Mr. Tasew further revealed that Ethiopian Airlines had submitted a proposal after being informed that it had been selected by the Ministry of Aviation as the partner for establishing the airline. The proposed structure would see Ethiopian Airlines holding a 49% stake, the federal government retaining 5%, and the remaining 46% being allocated to Nigerian investors. However, there were discrepancies between the two parties regarding the composition of Nigerian investment institutions and the government’s insistence on retaining only a 5% share.

Addressing another point of contention, Mr. Tasew explained that Nigerian authorities had requested the display of Ethiopian Airlines aircraft painted with the Nigeria Air logo for inspection. Ethiopian Airlines obliged and temporarily painted one of its aircraft with the Nigerian logo, which was later repainted with the Ethiopian logo after the inspection.

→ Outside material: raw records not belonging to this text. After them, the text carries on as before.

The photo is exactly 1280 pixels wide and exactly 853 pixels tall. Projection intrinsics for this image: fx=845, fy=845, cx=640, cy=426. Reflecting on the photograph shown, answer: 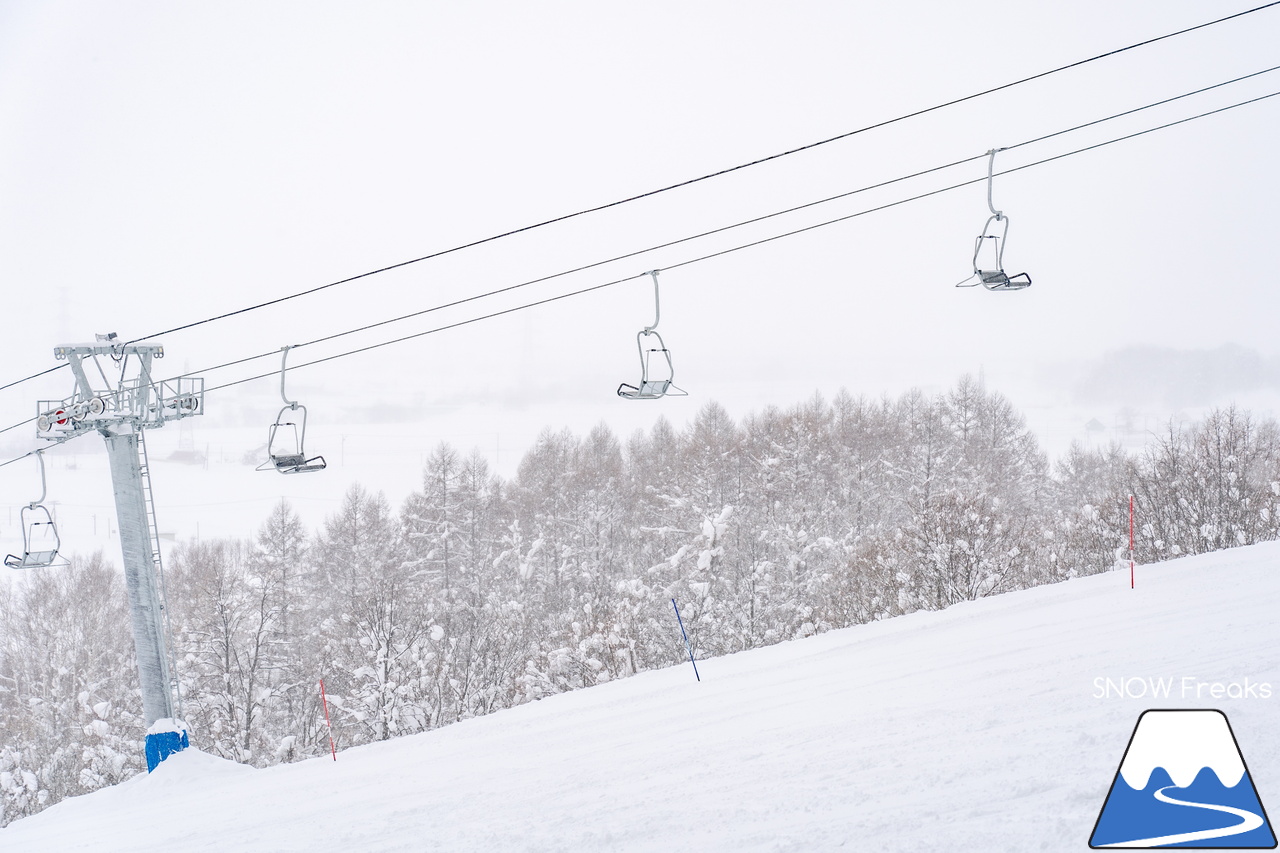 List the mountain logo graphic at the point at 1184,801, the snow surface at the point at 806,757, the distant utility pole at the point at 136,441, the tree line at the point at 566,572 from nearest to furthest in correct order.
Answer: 1. the mountain logo graphic at the point at 1184,801
2. the snow surface at the point at 806,757
3. the distant utility pole at the point at 136,441
4. the tree line at the point at 566,572

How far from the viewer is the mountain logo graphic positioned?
4.42m

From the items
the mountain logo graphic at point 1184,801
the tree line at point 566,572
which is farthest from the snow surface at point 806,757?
the tree line at point 566,572

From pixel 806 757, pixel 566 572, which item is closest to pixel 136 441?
pixel 806 757

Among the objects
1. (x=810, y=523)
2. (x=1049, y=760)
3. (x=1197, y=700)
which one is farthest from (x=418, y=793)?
(x=810, y=523)

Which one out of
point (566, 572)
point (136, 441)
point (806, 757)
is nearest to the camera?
point (806, 757)

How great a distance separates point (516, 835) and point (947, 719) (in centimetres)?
373

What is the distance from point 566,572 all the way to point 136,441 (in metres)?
29.4

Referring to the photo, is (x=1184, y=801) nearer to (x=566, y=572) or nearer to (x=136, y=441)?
(x=136, y=441)

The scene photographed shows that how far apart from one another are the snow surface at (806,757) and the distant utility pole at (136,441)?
1.30 m

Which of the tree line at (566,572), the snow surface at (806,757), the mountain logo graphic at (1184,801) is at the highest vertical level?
the mountain logo graphic at (1184,801)

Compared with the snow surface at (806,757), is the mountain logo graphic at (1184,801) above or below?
above

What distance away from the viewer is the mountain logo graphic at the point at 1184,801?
4418 millimetres

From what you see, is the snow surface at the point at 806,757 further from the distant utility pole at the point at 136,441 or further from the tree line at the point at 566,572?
the tree line at the point at 566,572

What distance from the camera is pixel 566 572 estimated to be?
134 ft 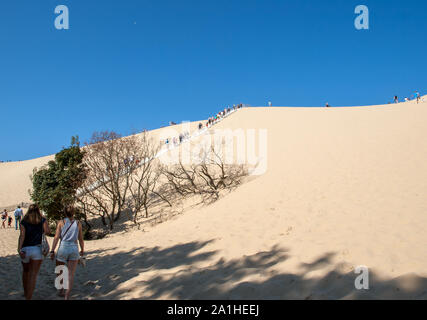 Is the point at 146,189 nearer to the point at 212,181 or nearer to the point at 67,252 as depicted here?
the point at 212,181

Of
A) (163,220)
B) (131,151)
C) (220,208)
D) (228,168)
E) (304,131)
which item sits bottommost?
(163,220)

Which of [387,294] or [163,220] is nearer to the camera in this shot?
[387,294]

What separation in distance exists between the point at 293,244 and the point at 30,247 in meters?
4.96

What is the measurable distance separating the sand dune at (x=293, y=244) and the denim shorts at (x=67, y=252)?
1014mm

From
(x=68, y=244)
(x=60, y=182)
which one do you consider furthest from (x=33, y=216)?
(x=60, y=182)

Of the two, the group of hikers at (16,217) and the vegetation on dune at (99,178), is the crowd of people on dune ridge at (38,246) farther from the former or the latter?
the group of hikers at (16,217)

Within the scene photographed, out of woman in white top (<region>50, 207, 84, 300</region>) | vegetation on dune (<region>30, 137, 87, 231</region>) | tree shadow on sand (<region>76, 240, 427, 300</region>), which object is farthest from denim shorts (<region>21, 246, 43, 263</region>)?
vegetation on dune (<region>30, 137, 87, 231</region>)

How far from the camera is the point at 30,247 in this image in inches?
162

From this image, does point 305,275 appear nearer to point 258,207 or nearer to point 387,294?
point 387,294

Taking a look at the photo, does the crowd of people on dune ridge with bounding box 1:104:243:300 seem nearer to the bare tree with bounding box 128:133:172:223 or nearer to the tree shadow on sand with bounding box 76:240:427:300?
the tree shadow on sand with bounding box 76:240:427:300

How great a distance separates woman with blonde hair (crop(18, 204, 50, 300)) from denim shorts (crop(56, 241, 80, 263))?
0.38 meters

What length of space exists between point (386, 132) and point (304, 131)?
6396mm

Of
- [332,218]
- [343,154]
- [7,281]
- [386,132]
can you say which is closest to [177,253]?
[7,281] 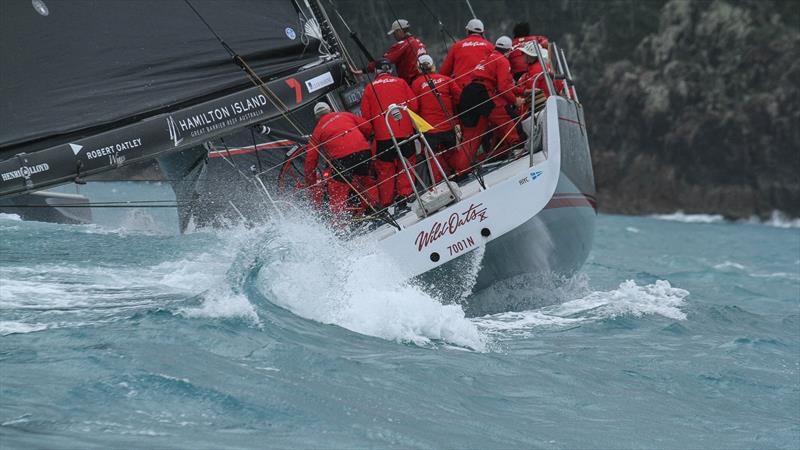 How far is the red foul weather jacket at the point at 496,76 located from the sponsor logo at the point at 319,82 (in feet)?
3.34

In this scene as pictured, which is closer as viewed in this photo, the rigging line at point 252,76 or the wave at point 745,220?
the rigging line at point 252,76

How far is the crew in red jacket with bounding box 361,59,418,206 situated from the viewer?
721 centimetres

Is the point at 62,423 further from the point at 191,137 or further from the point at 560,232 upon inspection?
the point at 560,232

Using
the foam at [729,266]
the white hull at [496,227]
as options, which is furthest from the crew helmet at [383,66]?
the foam at [729,266]

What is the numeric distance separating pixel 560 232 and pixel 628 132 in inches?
796

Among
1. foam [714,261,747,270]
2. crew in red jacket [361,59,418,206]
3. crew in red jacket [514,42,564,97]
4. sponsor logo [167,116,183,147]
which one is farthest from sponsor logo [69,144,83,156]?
foam [714,261,747,270]

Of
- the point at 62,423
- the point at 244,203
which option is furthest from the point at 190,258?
the point at 62,423

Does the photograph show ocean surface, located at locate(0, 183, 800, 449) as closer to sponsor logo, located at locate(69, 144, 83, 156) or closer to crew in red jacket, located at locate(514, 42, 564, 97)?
sponsor logo, located at locate(69, 144, 83, 156)

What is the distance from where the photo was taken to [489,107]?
7.55m

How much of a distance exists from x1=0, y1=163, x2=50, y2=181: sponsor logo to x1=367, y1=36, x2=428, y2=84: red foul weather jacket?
2.60 metres

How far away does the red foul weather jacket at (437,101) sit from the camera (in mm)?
7391

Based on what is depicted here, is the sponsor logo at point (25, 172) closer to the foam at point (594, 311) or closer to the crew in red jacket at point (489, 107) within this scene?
the crew in red jacket at point (489, 107)

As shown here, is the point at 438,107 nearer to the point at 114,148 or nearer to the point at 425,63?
the point at 425,63

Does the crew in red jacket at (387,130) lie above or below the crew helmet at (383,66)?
below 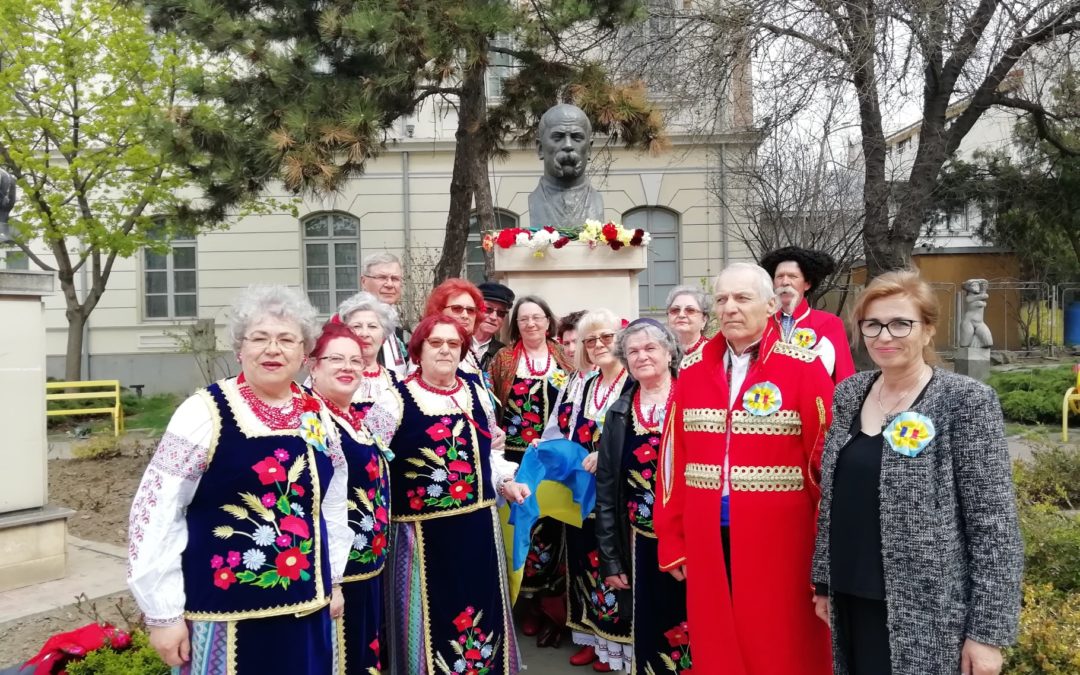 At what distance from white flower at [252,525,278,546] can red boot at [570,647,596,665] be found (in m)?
2.34

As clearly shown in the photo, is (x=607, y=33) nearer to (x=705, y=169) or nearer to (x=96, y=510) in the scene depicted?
(x=96, y=510)

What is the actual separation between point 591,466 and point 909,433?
175 centimetres

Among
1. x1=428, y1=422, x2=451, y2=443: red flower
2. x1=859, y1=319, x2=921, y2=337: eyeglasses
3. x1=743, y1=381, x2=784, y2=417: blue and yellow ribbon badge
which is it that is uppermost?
x1=859, y1=319, x2=921, y2=337: eyeglasses

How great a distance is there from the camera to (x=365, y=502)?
9.64ft

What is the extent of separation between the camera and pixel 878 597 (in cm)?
234

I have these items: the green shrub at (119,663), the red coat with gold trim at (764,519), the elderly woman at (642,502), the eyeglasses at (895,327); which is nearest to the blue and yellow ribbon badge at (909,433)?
the eyeglasses at (895,327)

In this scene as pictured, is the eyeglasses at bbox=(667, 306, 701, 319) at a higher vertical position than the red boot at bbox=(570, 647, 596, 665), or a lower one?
higher

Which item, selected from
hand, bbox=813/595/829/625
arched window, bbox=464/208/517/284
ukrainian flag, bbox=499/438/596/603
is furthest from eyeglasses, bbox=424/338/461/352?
arched window, bbox=464/208/517/284

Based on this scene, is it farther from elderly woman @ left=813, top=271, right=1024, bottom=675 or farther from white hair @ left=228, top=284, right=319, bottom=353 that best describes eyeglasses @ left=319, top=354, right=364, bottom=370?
elderly woman @ left=813, top=271, right=1024, bottom=675

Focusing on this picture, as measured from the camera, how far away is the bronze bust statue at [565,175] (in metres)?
6.91

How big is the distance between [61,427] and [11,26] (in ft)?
21.5

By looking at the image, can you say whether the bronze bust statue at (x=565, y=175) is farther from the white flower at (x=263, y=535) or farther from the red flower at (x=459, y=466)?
the white flower at (x=263, y=535)

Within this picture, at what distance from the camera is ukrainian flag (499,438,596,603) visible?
380cm

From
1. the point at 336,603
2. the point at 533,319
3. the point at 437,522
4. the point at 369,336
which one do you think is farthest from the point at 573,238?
the point at 336,603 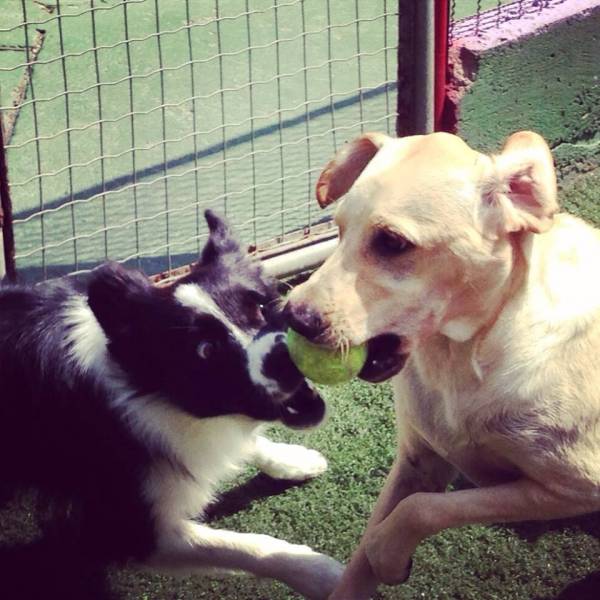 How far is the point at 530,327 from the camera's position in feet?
8.38

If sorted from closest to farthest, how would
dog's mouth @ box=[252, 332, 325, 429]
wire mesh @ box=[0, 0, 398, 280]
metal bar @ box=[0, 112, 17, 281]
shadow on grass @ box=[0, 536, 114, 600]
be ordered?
dog's mouth @ box=[252, 332, 325, 429]
shadow on grass @ box=[0, 536, 114, 600]
metal bar @ box=[0, 112, 17, 281]
wire mesh @ box=[0, 0, 398, 280]

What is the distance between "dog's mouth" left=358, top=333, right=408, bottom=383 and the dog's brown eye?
0.67ft

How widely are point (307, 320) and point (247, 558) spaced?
3.53 feet

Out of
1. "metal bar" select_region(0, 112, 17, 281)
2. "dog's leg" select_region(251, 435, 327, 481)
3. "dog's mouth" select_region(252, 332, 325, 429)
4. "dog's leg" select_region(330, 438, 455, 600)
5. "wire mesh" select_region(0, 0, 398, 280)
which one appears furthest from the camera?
"wire mesh" select_region(0, 0, 398, 280)

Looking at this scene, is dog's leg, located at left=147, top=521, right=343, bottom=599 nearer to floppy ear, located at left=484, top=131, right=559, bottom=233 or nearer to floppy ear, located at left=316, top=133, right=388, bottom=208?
floppy ear, located at left=316, top=133, right=388, bottom=208

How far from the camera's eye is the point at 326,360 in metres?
2.44

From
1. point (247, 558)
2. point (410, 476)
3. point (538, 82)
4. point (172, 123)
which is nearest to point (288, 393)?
point (410, 476)

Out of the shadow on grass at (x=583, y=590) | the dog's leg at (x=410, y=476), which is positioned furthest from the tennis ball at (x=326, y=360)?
the shadow on grass at (x=583, y=590)

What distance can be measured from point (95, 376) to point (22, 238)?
5.15ft

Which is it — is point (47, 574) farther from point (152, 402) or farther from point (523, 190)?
point (523, 190)

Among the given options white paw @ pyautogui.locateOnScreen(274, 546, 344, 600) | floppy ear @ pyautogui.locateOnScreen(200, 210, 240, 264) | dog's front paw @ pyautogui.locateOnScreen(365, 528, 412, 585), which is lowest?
white paw @ pyautogui.locateOnScreen(274, 546, 344, 600)

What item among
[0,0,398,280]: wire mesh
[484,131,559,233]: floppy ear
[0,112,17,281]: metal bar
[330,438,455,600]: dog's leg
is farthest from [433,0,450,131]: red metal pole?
[484,131,559,233]: floppy ear

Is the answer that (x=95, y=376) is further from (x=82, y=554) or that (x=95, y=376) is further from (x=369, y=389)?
(x=369, y=389)

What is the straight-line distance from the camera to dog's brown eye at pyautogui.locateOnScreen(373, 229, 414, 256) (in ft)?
7.54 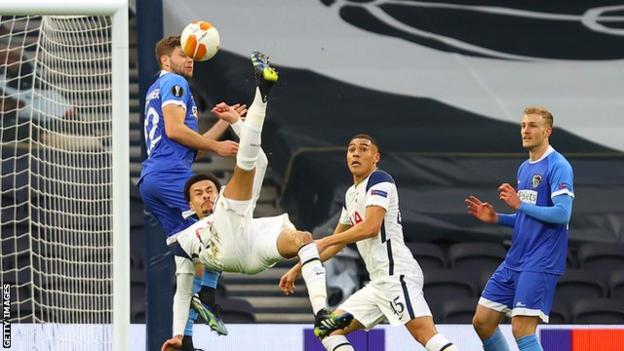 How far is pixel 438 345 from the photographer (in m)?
9.42

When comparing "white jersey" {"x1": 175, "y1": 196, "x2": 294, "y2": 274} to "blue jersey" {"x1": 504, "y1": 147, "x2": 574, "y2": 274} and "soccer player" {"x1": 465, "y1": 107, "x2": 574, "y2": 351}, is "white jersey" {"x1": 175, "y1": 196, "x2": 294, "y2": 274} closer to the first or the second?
"soccer player" {"x1": 465, "y1": 107, "x2": 574, "y2": 351}

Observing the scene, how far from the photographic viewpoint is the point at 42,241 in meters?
10.2

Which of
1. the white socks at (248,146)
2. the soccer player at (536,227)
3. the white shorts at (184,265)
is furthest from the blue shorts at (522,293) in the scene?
the white socks at (248,146)

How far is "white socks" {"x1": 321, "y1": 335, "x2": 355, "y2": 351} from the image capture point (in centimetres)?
967

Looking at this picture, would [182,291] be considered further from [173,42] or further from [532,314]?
[532,314]

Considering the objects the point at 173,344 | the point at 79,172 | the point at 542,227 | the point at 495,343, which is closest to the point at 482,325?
the point at 495,343

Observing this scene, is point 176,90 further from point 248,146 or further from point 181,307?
point 181,307

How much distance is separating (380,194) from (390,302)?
666mm

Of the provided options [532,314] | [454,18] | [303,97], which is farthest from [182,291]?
[454,18]

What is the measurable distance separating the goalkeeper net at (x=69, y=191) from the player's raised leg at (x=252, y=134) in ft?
3.35

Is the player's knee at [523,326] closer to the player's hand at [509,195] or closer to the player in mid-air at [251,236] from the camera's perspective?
the player's hand at [509,195]

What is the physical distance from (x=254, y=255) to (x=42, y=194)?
198 centimetres

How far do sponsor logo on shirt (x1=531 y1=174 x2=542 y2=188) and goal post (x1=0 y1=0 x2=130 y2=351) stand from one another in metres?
2.47

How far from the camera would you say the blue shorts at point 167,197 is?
369 inches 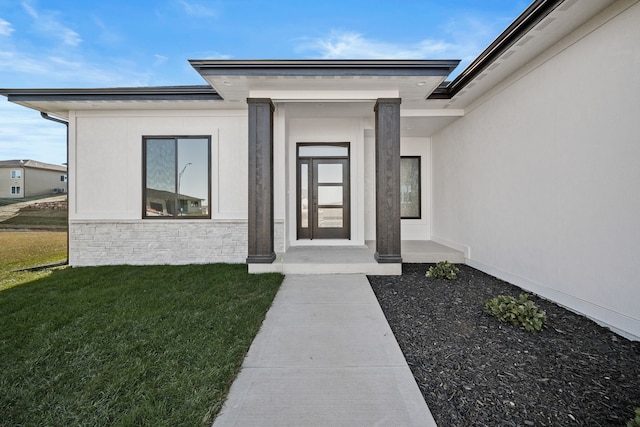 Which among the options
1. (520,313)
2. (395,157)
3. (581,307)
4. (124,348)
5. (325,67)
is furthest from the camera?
(395,157)

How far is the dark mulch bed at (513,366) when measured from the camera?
1.66 meters

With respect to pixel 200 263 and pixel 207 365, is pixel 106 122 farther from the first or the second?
Result: pixel 207 365

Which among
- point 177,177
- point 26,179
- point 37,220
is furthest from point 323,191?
point 26,179

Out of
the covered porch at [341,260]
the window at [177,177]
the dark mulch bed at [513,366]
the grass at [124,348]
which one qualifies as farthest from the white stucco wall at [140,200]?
the dark mulch bed at [513,366]

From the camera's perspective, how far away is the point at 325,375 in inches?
79.2

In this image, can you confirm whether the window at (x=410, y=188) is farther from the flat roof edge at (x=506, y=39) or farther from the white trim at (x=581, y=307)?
the white trim at (x=581, y=307)

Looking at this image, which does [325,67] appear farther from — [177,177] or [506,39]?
[177,177]

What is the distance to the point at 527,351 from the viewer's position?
93.8 inches

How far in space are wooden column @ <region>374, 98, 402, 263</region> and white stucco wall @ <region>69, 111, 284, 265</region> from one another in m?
2.25

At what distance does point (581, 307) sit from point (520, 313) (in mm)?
1016

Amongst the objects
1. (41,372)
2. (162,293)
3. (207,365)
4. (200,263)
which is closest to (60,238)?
(200,263)

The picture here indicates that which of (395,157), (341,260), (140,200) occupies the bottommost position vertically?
(341,260)

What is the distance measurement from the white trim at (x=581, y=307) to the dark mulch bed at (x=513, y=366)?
0.28ft

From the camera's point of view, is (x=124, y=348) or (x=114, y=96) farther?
(x=114, y=96) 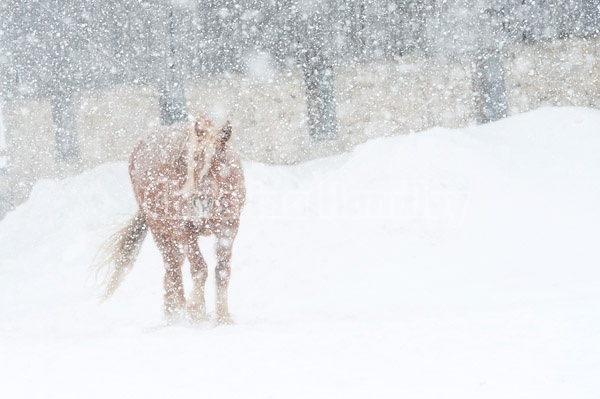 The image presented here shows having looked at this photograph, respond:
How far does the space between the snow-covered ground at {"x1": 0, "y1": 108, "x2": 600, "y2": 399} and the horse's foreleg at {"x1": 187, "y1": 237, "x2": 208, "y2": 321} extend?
0.56 ft

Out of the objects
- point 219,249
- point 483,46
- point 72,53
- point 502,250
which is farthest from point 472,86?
point 72,53

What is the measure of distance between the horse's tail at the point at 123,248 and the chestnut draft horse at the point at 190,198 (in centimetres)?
8

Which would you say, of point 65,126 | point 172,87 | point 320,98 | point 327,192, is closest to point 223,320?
point 327,192

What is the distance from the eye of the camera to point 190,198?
485 centimetres

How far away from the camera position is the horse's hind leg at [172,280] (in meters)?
5.96

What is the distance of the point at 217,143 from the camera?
501 centimetres

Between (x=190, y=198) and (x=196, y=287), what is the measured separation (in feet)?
3.73

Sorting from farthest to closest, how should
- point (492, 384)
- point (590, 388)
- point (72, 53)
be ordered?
point (72, 53), point (492, 384), point (590, 388)

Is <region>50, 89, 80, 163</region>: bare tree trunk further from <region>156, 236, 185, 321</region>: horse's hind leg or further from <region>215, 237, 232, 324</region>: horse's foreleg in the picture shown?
<region>215, 237, 232, 324</region>: horse's foreleg

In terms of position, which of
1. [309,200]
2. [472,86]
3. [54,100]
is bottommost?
[309,200]

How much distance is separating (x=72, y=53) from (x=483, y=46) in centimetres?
801

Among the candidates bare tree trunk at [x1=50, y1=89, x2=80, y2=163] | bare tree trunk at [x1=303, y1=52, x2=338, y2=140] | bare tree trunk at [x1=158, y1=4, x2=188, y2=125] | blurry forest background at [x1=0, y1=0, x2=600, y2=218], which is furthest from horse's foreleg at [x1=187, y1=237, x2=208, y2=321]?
bare tree trunk at [x1=50, y1=89, x2=80, y2=163]

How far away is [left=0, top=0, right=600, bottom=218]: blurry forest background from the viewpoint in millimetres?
10922

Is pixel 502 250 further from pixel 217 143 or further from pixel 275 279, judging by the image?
pixel 217 143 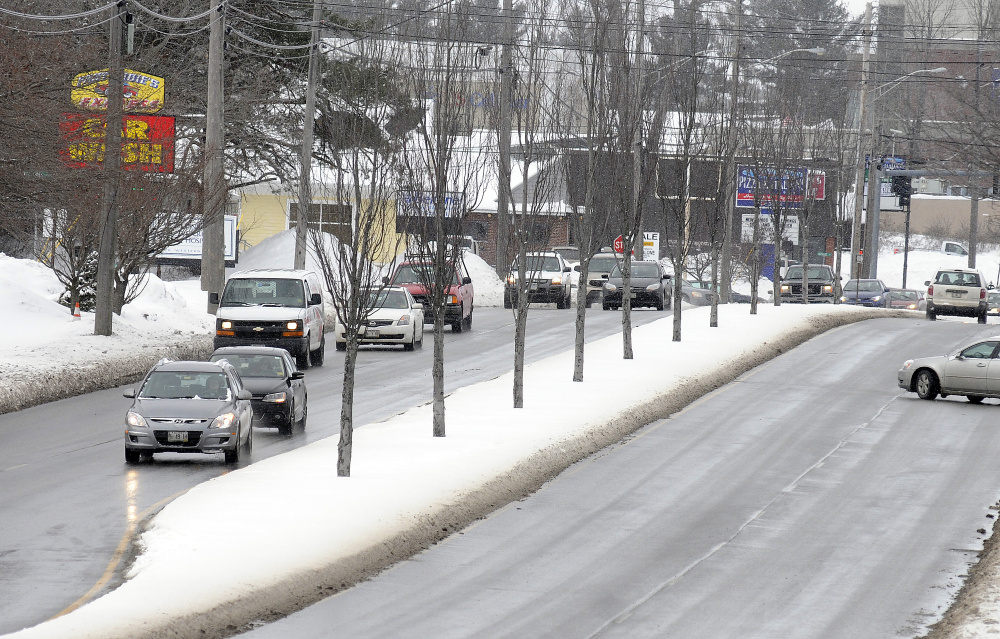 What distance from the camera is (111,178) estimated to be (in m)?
28.8

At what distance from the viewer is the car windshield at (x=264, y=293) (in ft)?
101

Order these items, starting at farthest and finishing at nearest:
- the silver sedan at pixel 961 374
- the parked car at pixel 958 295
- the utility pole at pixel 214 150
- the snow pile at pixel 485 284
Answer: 1. the snow pile at pixel 485 284
2. the parked car at pixel 958 295
3. the utility pole at pixel 214 150
4. the silver sedan at pixel 961 374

While discussing the objectives of Nigeria Air, Mr. Tasew stressed that the Nigerian government aimed to establish a reliable and dependable national carrier to address issues of flight punctuality, cancellations, and high airfares charged by foreign airlines. However, this revelation has sparked mixed reactions within the industry, with some stakeholders accusing the government of undermining local airlines.

Mr. Olumide Ohunayo, Secretary General of Aviation Roundtable, expressed his disappointment, labelling the Nigeria Air case as an embarrassment for the nation. He criticized the government for disregarding domestic airlines, claiming that Nigeria possessed the highest number of airlines in Africa, although they may not have as many aircraft as their counterparts.

The involvement of Ethiopian Airlines in the Nigeria Air project, coupled with the revelations made by its CEO, has shed new light on the complexities and controversies surrounding the initiative. As the project undergoes further scrutiny and the aviation industry awaits the court’s decision, the future of Nigeria Air remains uncertain.